[Caption-style text data]
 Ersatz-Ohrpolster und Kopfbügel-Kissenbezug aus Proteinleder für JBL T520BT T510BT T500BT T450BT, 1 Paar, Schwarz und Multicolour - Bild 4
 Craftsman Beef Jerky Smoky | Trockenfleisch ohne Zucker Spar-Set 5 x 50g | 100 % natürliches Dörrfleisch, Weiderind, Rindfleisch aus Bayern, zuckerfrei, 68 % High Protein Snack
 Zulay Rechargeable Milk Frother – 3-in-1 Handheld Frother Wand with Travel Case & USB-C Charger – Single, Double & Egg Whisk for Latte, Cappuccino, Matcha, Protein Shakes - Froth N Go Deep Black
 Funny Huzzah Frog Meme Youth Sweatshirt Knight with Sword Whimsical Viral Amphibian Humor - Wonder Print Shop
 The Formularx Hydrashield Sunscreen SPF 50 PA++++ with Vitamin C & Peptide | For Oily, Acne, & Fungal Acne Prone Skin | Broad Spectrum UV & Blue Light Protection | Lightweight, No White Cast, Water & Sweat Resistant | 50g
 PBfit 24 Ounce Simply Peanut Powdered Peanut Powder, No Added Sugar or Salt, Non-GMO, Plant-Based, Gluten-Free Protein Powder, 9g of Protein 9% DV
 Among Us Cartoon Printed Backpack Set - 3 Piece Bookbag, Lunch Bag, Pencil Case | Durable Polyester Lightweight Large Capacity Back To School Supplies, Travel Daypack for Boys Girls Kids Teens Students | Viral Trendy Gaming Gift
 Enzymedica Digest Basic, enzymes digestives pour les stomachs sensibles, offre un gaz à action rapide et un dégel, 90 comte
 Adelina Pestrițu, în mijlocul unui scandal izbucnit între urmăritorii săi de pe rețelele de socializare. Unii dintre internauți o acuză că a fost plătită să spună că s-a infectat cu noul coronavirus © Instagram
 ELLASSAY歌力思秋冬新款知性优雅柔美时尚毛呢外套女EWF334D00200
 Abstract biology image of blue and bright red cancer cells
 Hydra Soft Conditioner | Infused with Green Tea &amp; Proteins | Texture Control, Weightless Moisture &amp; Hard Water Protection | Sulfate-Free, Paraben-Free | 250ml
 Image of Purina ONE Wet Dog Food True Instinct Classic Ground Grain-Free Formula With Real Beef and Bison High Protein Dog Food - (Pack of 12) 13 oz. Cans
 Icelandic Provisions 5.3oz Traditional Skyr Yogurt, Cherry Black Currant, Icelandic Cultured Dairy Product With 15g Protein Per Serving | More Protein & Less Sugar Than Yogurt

Directions for this task
Word for word, write out all of the entries.

Written response
 Ersatz-Ohrpolster und Kopfbügel-Kissenbezug aus Proteinleder für JBL T520BT T510BT T500BT T450BT, 1 Paar, Schwarz und Multicolour - Bild 4
 Craftsman Beef Jerky Smoky | Trockenfleisch ohne Zucker Spar-Set 5 x 50g | 100 % natürliches Dörrfleisch, Weiderind, Rindfleisch aus Bayern, zuckerfrei, 68 % High Protein Snack
 Zulay Rechargeable Milk Frother – 3-in-1 Handheld Frother Wand with Travel Case & USB-C Charger – Single, Double & Egg Whisk for Latte, Cappuccino, Matcha, Protein Shakes - Froth N Go Deep Black
 Funny Huzzah Frog Meme Youth Sweatshirt Knight with Sword Whimsical Viral Amphibian Humor - Wonder Print Shop
 The Formularx Hydrashield Sunscreen SPF 50 PA++++ with Vitamin C & Peptide | For Oily, Acne, & Fungal Acne Prone Skin | Broad Spectrum UV & Blue Light Protection | Lightweight, No White Cast, Water & Sweat Resistant | 50g
 PBfit 24 Ounce Simply Peanut Powdered Peanut Powder, No Added Sugar or Salt, Non-GMO, Plant-Based, Gluten-Free Protein Powder, 9g of Protein 9% DV
 Among Us Cartoon Printed Backpack Set - 3 Piece Bookbag, Lunch Bag, Pencil Case | Durable Polyester Lightweight Large Capacity Back To School Supplies, Travel Daypack for Boys Girls Kids Teens Students | Viral Trendy Gaming Gift
 Enzymedica Digest Basic, enzymes digestives pour les stomachs sensibles, offre un gaz à action rapide et un dégel, 90 comte
 Adelina Pestrițu, în mijlocul unui scandal izbucnit între urmăritorii săi de pe rețelele de socializare. Unii dintre internauți o acuză că a fost plătită să spună că s-a infectat cu noul coronavirus © Instagram
 ELLASSAY歌力思秋冬新款知性优雅柔美时尚毛呢外套女EWF334D00200
 Abstract biology image of blue and bright red cancer cells
 Hydra Soft Conditioner | Infused with Green Tea &amp; Proteins | Texture Control, Weightless Moisture &amp; Hard Water Protection | Sulfate-Free, Paraben-Free | 250ml
 Image of Purina ONE Wet Dog Food True Instinct Classic Ground Grain-Free Formula With Real Beef and Bison High Protein Dog Food - (Pack of 12) 13 oz. Cans
 Icelandic Provisions 5.3oz Traditional Skyr Yogurt, Cherry Black Currant, Icelandic Cultured Dairy Product With 15g Protein Per Serving | More Protein & Less Sugar Than Yogurt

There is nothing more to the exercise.